#### [Your task]
Repeat only the lines between the one with "MADRE E HIJAS 2025" and the end of the material below, both ends included. Omit any picture.

#### [Material provided]
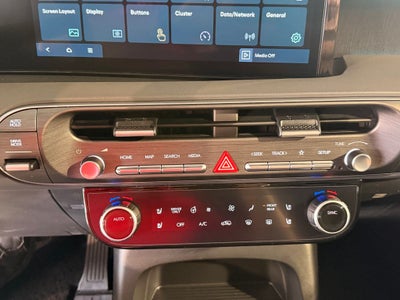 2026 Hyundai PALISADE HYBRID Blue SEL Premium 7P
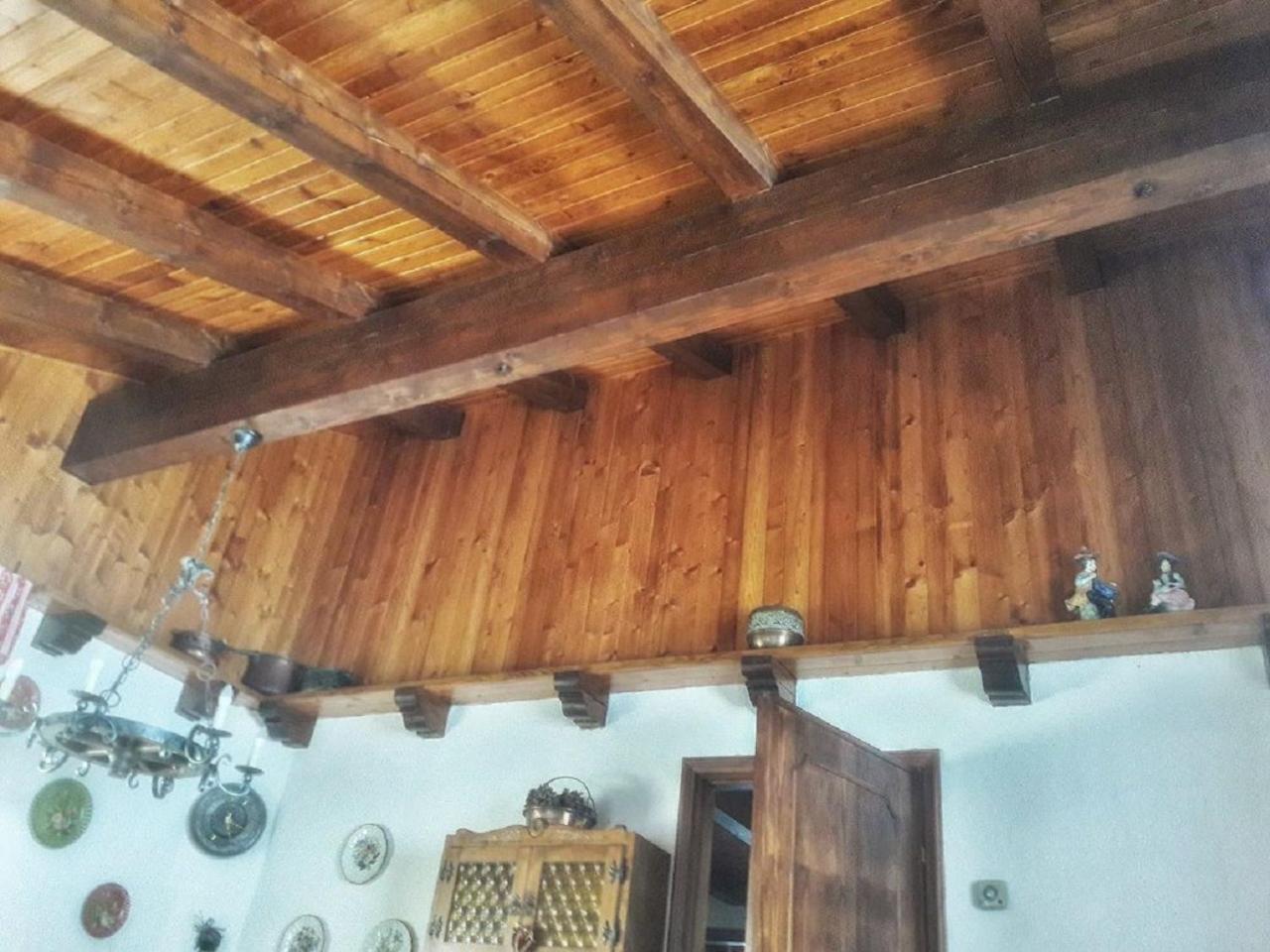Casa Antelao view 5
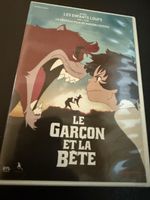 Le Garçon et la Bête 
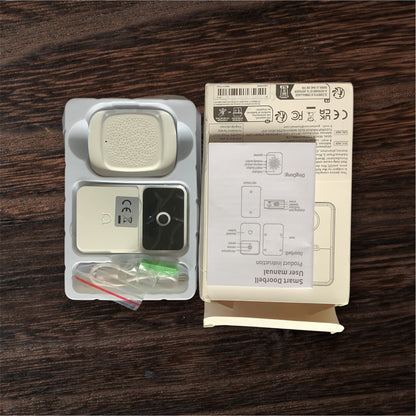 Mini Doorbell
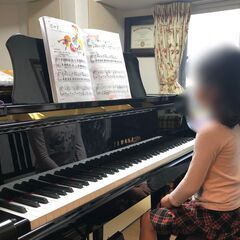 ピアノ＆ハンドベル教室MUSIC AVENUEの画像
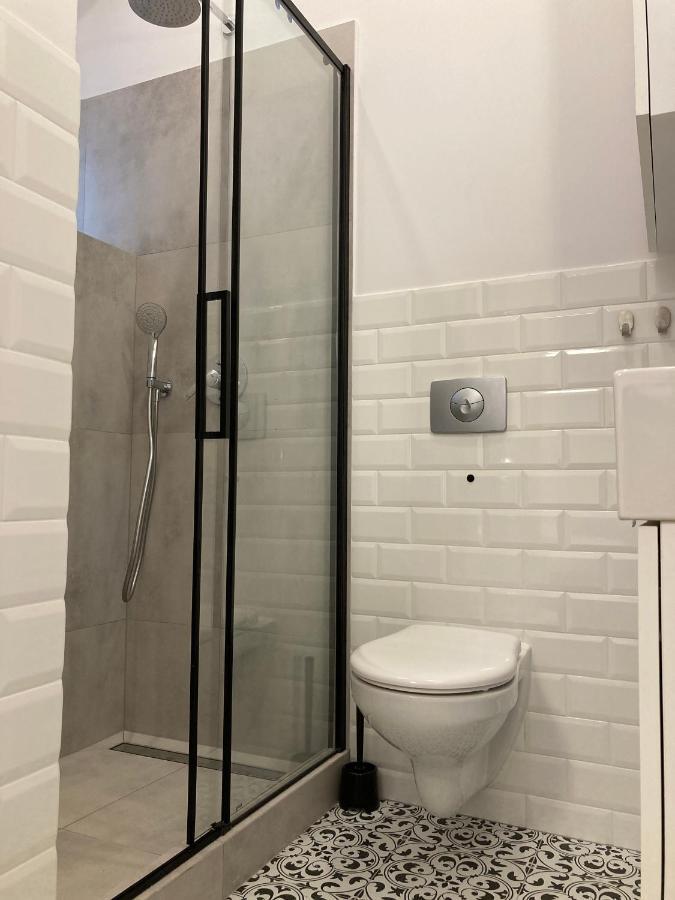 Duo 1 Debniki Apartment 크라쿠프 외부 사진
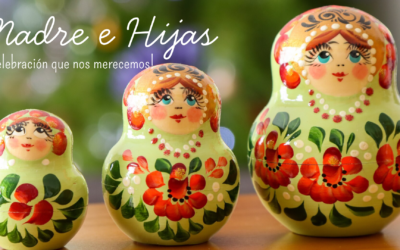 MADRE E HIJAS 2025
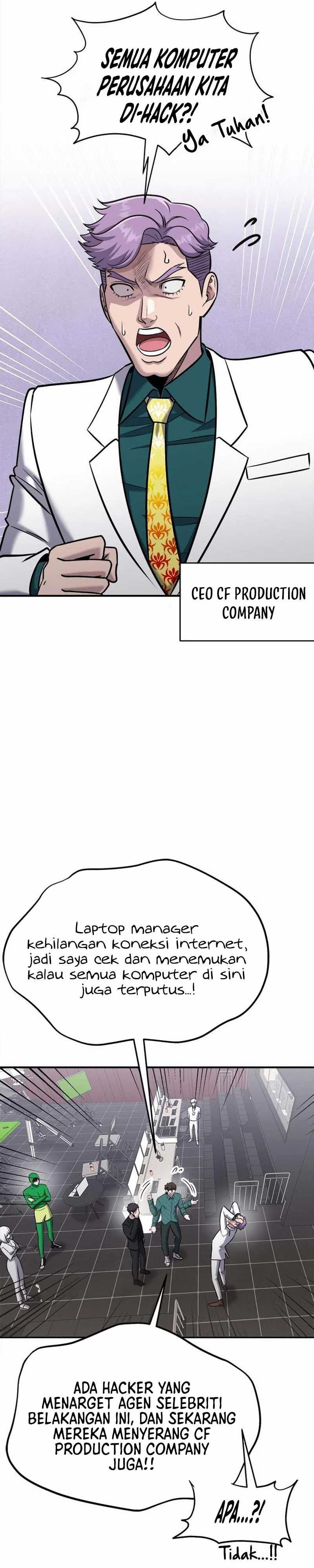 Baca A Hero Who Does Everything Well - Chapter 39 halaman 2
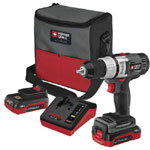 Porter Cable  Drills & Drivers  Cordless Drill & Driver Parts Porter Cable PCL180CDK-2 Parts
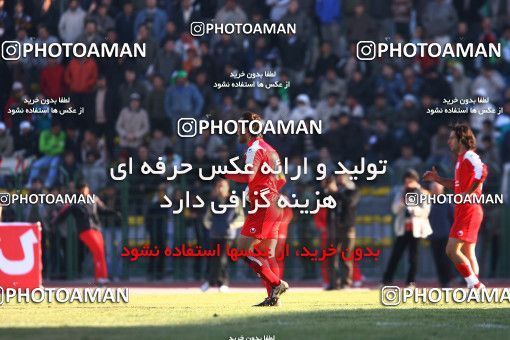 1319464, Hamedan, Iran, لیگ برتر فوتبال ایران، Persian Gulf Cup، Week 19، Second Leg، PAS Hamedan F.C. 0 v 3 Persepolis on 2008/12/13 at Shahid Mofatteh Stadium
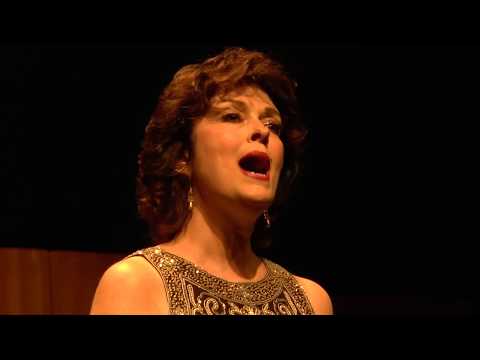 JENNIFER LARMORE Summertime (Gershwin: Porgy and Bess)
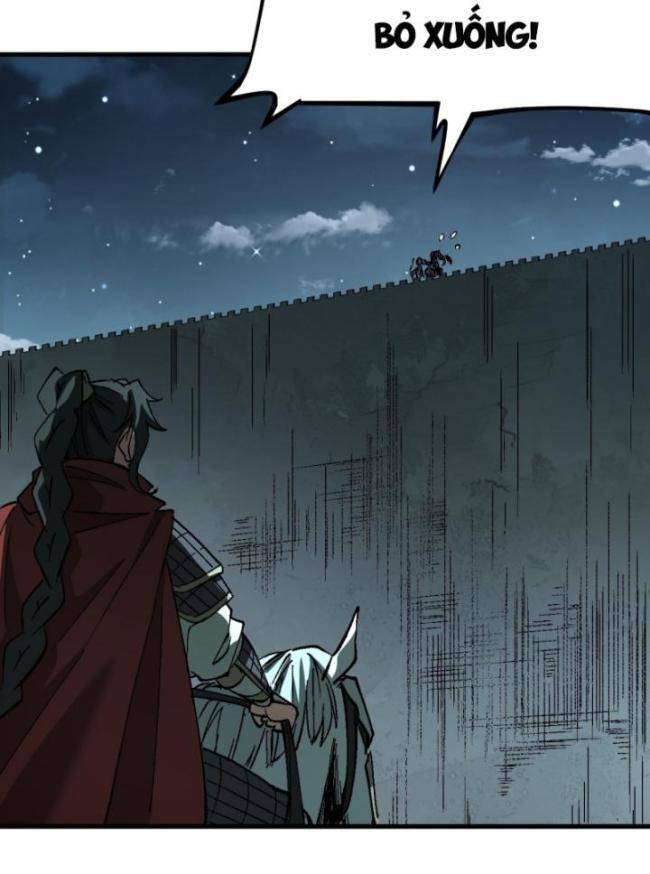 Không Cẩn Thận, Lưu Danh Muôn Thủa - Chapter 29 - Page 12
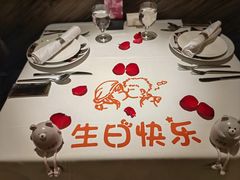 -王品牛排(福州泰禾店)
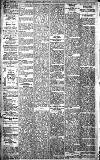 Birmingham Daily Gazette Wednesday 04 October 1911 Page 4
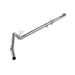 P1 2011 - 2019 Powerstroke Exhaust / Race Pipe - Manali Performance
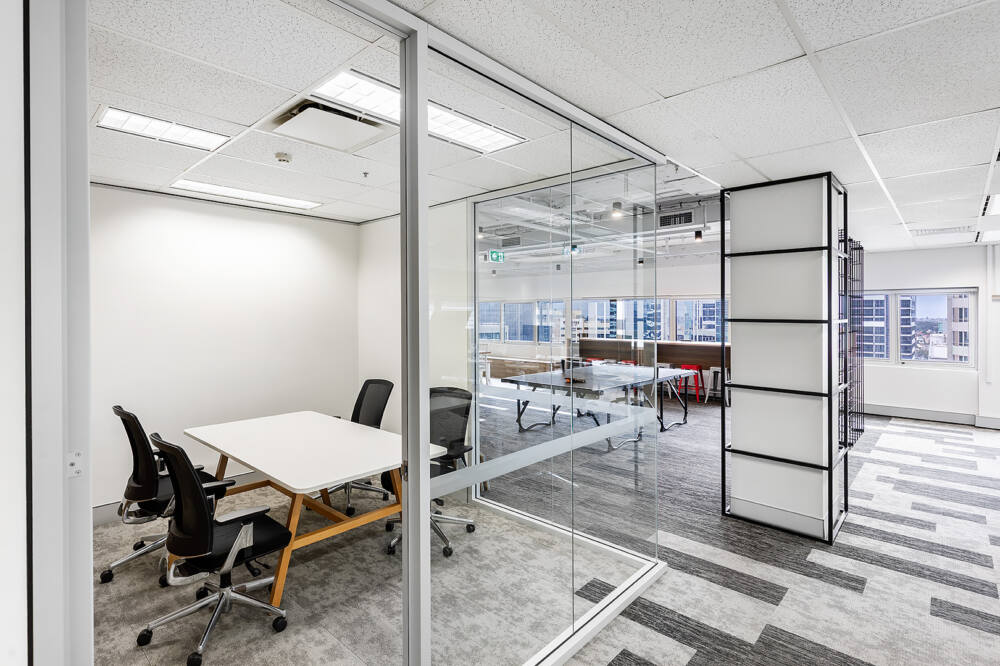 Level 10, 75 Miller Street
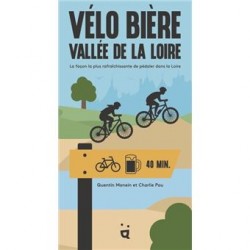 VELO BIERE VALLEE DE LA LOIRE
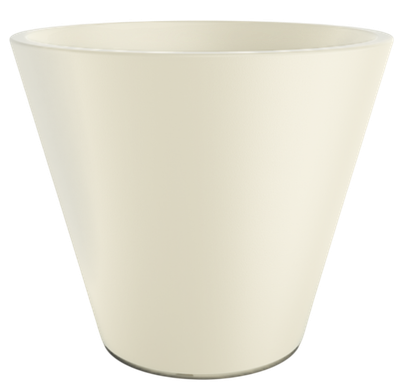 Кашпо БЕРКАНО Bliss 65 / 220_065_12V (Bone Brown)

#### [Answer to this task]
 MADRE E HIJAS 2025
 Baca A Hero Who Does Everything Well - Chapter 39 halaman 2
 Porter Cable  Drills & Drivers  Cordless Drill & Driver Parts Porter Cable PCL180CDK-2 Parts
 1319464, Hamedan, Iran, لیگ برتر فوتبال ایران، Persian Gulf Cup، Week 19، Second Leg، PAS Hamedan F.C. 0 v 3 Persepolis on 2008/12/13 at Shahid Mofatteh Stadium
 JENNIFER LARMORE Summertime (Gershwin: Porgy and Bess)
 Không Cẩn Thận, Lưu Danh Muôn Thủa - Chapter 29 - Page 12
 -王品牛排(福州泰禾店)
 Birmingham Daily Gazette Wednesday 04 October 1911 Page 4
 P1 2011 - 2019 Powerstroke Exhaust / Race Pipe - Manali Performance
 Level 10, 75 Miller Street
 VELO BIERE VALLEE DE LA LOIRE
 Кашпо БЕРКАНО Bliss 65 / 220_065_12V (Bone Brown)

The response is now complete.